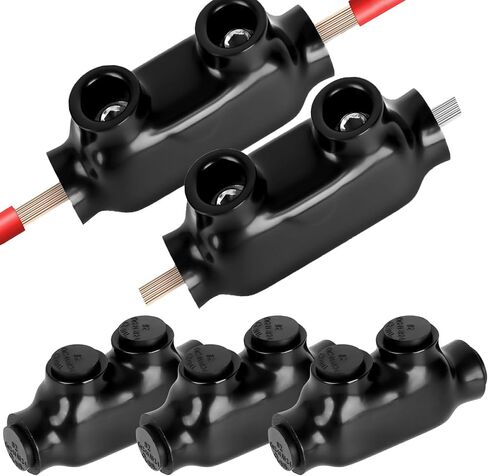 5 Pack in-Line Splice Connector 2/0-6 AWG Black Wire Connectors with Oxide Inhibitor Allen Hex Screw Insulated Cable Connectors Rated up to 600 Volts in Saudi Arabia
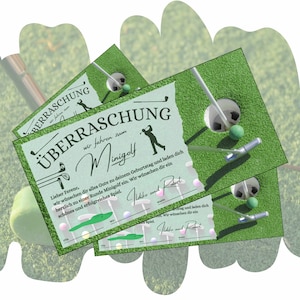 Buono per una partita di minigolf | Modello stampabile | Idea regalo per il golf compleanno | Buono regalo per lezione di golf Buono esperienza
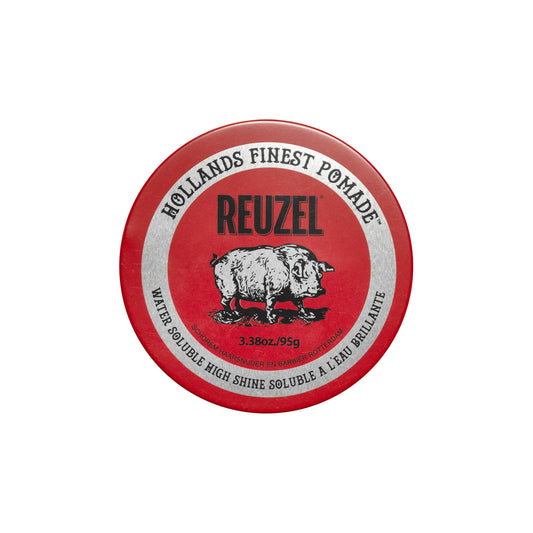 REUZEL Red Pomade, Medium All Day Hold, Water Soluble Styling, High Shine and Flake Free, Easy To Wash Out, For All Hair Types, 1.3 oz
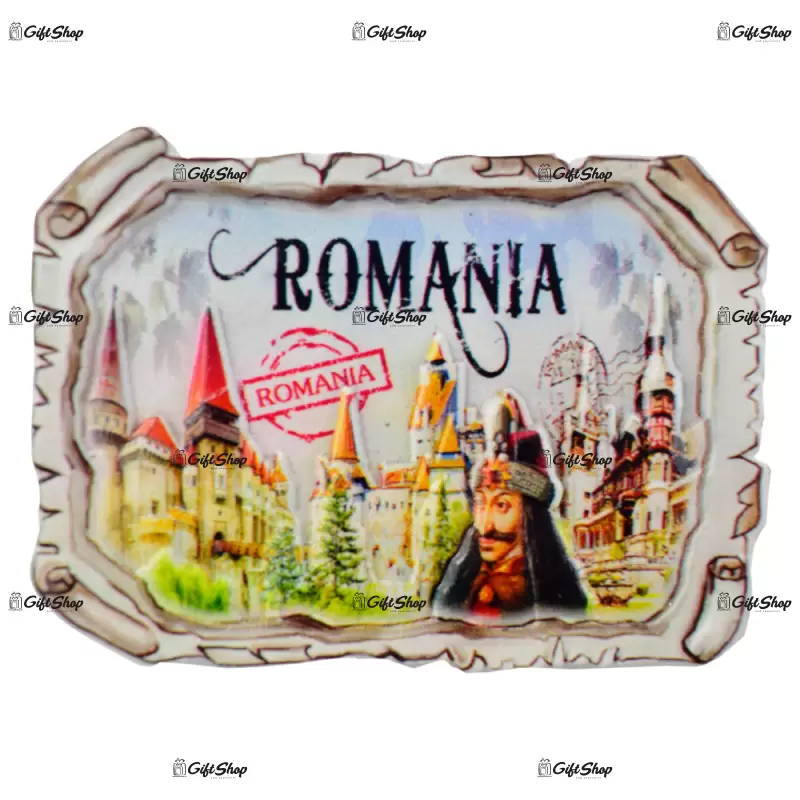 Magnet pentru frigider realizat din rasina – design castelul bran,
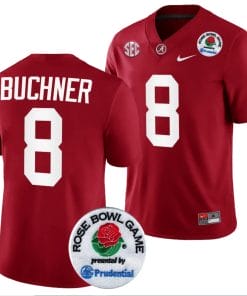 Tyler Buchner Jersey #8 Alabama Crimson Tide Rose Bowl Game 2024 Patch College Football Playoff Crimson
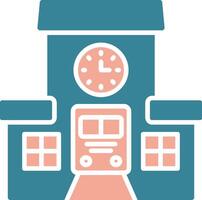 Train Station Glyph Two Color Icon vector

-----

What the task asks -> Every line from the one containing "REUZEL Red Pomade, Medium" to the final line of the records should be duplicated exactly; no picture is to be copied.

Exercise response ->
 REUZEL Red Pomade, Medium All Day Hold, Water Soluble Styling, High Shine and Flake Free, Easy To Wash Out, For All Hair Types, 1.3 oz
 Magnet pentru frigider realizat din rasina – design castelul bran,
 Tyler Buchner Jersey #8 Alabama Crimson Tide Rose Bowl Game 2024 Patch College Football Playoff Crimson
 Train Station Glyph Two Color Icon vector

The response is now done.